+1 to declaring Golang support out of experimental once the Go Modules
issues are solved. I don't think an SDK needs to support every feature
to be accepted, especially now that we can do cross-language
transforms, and Go definitely supports enough to be quite useful. (WRT
streaming, my understanding is that Go supports the streaming model
with windows and timestamps, and runs fine on a streaming runner, even
if more advanced features like state and timers aren't yet available.)
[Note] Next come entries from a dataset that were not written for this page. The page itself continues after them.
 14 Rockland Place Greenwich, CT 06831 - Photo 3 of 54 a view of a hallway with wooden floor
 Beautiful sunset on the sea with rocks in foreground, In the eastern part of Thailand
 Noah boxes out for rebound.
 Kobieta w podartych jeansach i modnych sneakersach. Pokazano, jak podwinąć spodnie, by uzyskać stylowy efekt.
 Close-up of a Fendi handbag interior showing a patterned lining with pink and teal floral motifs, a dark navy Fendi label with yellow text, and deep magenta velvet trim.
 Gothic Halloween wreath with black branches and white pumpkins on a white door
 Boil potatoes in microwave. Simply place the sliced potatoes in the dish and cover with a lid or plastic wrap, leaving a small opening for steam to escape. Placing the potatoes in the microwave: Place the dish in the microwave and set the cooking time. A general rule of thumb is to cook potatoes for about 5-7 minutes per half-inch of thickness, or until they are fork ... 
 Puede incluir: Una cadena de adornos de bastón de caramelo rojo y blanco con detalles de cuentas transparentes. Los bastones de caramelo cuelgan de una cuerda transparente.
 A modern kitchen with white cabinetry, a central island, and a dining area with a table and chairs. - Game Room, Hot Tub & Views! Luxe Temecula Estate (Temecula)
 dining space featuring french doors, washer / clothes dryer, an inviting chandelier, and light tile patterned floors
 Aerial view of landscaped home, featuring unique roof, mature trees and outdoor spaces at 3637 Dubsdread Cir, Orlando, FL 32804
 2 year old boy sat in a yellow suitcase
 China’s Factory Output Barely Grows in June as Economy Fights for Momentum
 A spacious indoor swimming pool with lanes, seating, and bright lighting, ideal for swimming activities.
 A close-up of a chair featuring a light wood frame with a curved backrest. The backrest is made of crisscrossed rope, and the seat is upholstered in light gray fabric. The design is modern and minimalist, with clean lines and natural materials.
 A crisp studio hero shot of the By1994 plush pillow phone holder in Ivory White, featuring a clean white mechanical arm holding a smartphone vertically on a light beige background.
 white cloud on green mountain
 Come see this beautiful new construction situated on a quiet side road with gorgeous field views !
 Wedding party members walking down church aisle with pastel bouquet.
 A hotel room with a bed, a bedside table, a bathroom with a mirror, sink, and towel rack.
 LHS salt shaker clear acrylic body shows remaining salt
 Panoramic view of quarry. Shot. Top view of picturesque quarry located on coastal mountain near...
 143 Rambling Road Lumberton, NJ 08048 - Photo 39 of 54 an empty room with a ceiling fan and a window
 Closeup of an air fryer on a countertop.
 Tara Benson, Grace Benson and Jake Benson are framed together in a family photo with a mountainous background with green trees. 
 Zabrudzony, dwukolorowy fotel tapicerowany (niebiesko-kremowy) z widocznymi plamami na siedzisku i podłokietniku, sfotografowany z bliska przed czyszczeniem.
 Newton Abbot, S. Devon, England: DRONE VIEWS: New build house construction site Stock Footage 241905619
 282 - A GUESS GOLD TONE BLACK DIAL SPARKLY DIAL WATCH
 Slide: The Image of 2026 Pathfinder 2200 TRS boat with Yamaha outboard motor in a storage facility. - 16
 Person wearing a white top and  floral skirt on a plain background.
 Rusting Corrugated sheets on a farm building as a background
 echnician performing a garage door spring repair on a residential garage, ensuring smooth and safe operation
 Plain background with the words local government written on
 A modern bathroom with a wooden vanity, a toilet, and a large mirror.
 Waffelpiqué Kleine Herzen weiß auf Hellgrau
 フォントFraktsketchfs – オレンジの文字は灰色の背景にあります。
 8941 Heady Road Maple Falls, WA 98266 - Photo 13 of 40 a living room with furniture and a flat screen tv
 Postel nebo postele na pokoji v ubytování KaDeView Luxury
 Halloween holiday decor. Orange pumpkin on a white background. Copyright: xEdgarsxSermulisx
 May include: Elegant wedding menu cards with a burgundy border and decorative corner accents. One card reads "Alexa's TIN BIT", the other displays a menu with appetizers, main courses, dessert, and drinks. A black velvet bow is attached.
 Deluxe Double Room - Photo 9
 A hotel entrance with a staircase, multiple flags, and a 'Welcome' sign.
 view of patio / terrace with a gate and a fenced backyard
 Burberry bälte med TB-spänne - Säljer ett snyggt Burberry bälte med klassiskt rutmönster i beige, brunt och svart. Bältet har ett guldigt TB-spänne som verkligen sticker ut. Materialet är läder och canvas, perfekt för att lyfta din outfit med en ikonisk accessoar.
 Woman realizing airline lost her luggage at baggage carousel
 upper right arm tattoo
This is a great milestone.

On Tue, Jun 15, 2021 at 10:12 AM Tyson Hamilton <[email protected]> wrote:
>
> WOW! Big news.
>
> I'm supportive of leaving experimental status after Go Modules are completed 
> and the LICENSE issue is resolved. I don't think that lacking streaming 
> support is a blocker. The other thing I checked to see was if there were 
> metrics available on metrics.beam.apache.org, specifically for measuring code 
> health via post-commit over time, which there are and the passing test rate 
> is high (Huzzah!). The one thing that surprised me from your summary is that 
> when Go introduces generics it won't result in any backwards incompatible 
> changes in Apache Beam. That's great news, but does it mean there will be a 
> need to support both non-generic and generic APIs moving forward? It seems 
> like generics will be introduced in the Go 1.17 release (optimistically) in 
> August this year.
>
>
>
> On Thu, Jun 10, 2021 at 5:04 PM Robert Burke <[email protected]> wrote:
>>
>> Hello Beam Community!
>>
>> I propose we stop calling the Apache Beam Go SDK experimental.
>>
>> This thread is to discuss it as a community, and any conditions that remain 
>> that would prevent the exit.
>>
>> tl;dr;
>> Ask Questions for answers and links! I have both.
>> This entails including it officially in the Release process, removing the 
>> various "experimental" text throughout the repo etc,
>> and otherwise treating it like Python and Java. Some Go specific tasks 
>> around dep versioning.
>>
>> The Go SDK implements the beam model efficiently for most batch tasks, 
>> including basic windowing.
>> Apache Beam Go jobs can execute, and are tested on all Portable runners.
>> The core APIs are not going to change in incompatible ways going forward.
>> Scalable transforms can be written through SplittableDoFns or via Cross 
>> Language transforms.
>>
>> The SDK isn't 100% feature complete, but keeping it experimental doesn't 
>> help with that any further.
>> Communities grow through contributions and use, and experimental markers 
>> dissuade users.
>> There's plenty to do in order expand what can be done with the SDK. 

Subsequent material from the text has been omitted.